Il est consacré à la grande et noble figure de Nelson Mandela, le dirigeant qui après 27 ans de prison a permis à l’Afrique du Sud de sortir de l’apartheid. Personnage historique, encore vivant aujourd’hui, il est ici admirablement interprété par un acteur, Morgan Freeman, qui s’est longuement préparé à entrer dans ce rôle et qui est étonnant de présence et de vérité. Le film commence par une très belle scène lors de sa sortie de prison : d’un côté de la route de jeunes Blancs s’entraînent au rugby sur une pelouse verdoyante, de l’autre, des Noirs mal habillés jouent au football sur un terrain boueux.
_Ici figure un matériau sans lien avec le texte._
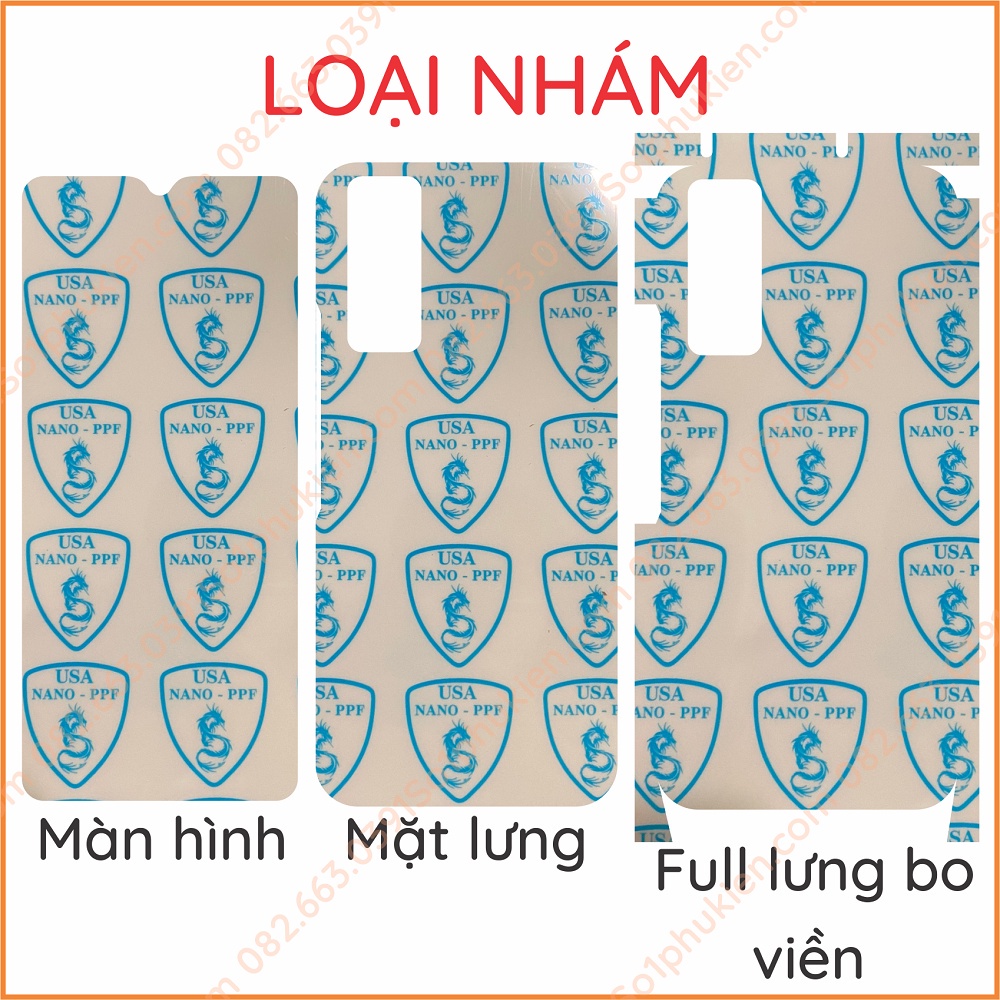 Dán PPF Vivo Y72 5G loại nhám, bóng dành cho màn hình, mặt lưng, full lưng bo viền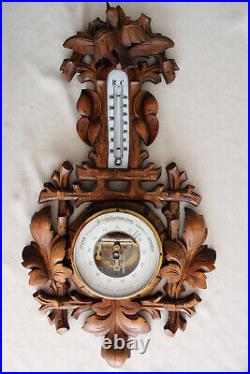 Antique Black Forest Woodcrafted Wall Barometer & Thermometer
Le ton est donné : une seule image dit tout sur une situation. De fait, après l’élection de Mandela à la présidence, en 1994, le film se concentre sur une de ses décisions à portée symbolique : faire de l’équipe de rugby des Springboks, jusque là expression de la minorité blanche favorable à l’apartheid, le porte-drapeau de l’ensemble de la nation, Noirs et Blancs, le flambeau de la réconciliation raciale. Le match de rugby final, longuement et brillamment filmé, est bien sûr à comprendre comme le symbole de cette réussite d’un projet politique poursuivi avec ténacité.
L’évolution du réalisateur Clint Eastwood, déjà perceptible dans ses derniers films, Lettres d’Iwo-Jima et Gran Torino, est elle aussi impressionnante. Il avait tout au long de son œuvre décrit des univers « impitoyables », où régnaient la violence, la vengeance et le meurtre. « Il faut tuer pour vivre, pourrait dire Clint Eastwood », écrivait Jean Tulard pour commenter son œuvre il y a quelques années. Et aujourd’hui « on pressent bien ce qui a intéressé le cinéaste dans ce sujet : la grandeur et l’intelligence politique du pardon au nom du bien commun, qui se substitue ici à l’exécution personnelle de la vengeance, omniprésente dans son œuvre. » (Jacques Mandelbaum, dans Le Monde).
La volonté de réconciliation malgré tout, le pardon au lieu de la vengeance : il n’est pas si fréquent aujourd’hui d’entendre un pareil message. Bien sûr, rien n’est jamais définitivement gagné : après Mandela il reste en Afrique du Sud énormément à faire. Un autre film récent, Disgrâce, d’après le grand romancier J.M. Coetzee, rappelle les tensions violentes qui subsistent.
Il faut recevoir le film d’Eastwood comme un message d’humanisme suggérant une direction pour l’action.